RRCHNM awarded two National Endowment for the Humanities grants

George Mason University’s College of Humanities and Social Sciences is pleased to announce that the National Endowment for the Humanities (NEH) has awarded Mills Kelly, professor of history and a Roy Rosenzweig Center for History and New Media (RRCHNM) senior scholar, and RRCHNM two separate awards: "Worlds Turned Upside Down" for the Media Projects: Development and Production Grants, which supports the preparation of media programs, including podcasts for distribution; and, “Off the Wall: Digital Preservation of Civil War Graffiti Houses” for the Humanities Collections and Reference Resources grants, which allow institutions to preserve and provide access to collections essential to scholarship, education, and public programming in the humanities.

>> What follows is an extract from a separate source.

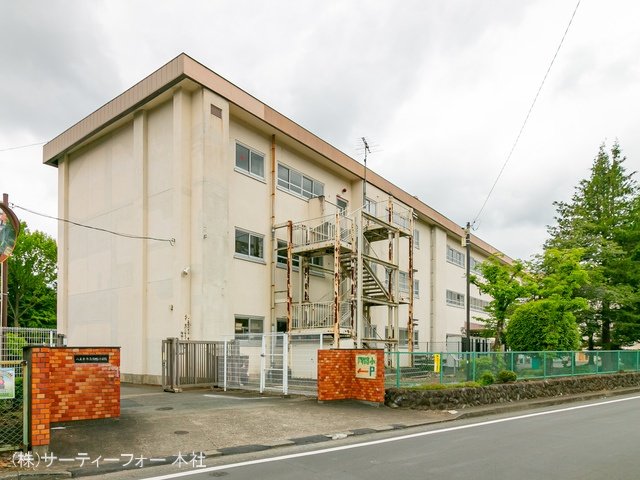 八王子市立陶鎔小学校 撮影日(2022-04-29) 700m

Kelly, Jim Ambuske, senior producer at R2 Studios, the podcast division of RRCHNM, Jeanette Patrick, head of R2 Studios, and RRCHNM were awarded a $272,000 grant from NEH Media Projects: Development and Production. The grant will support the production of 10 45-to-60-minute episodes of Worlds Turned Upside Down, a narrative documentary podcast series about the history of the American Revolution. The generous grant will support the podcast’s second season, “The War of Reconciliation.” The series will draw on contributions from an international cast of leading experts to explore the conflict through the lives of British Americans, Indigenous nations, enslaved Africans and African Americans, Europeans, and other peoples who experienced it as a transatlantic crisis and imperial civil war. Episodes of Worlds Turned Upside Down are available for free on all major podcast apps, including Apple, Spotify, and Goodpods, as well as YouTube

Kelly and RRCHNM, in collaboration with seven local partners, were awarded a $350,000 grant from the NEH Humanities Collections and Reference Resources program for the “Off the Wall: Digital Preservation of Civil War Graffiti Houses" implementation grant. The funding will support the building and publishing of a digital archive focused on soldiers’ graffiti found in Civil War-era structures located in the greater Northern Virginia region operated by local project partners. The digital archive will provide scholars, students, and the public access to the graffiti left behind by Union and Confederate soldiers at historical sites in Northern Virginia, containing individuals’ names, hometowns, regimental units, jokes, political statements, Bible verses, and pleas for help, offering a unique window into Civil War military service.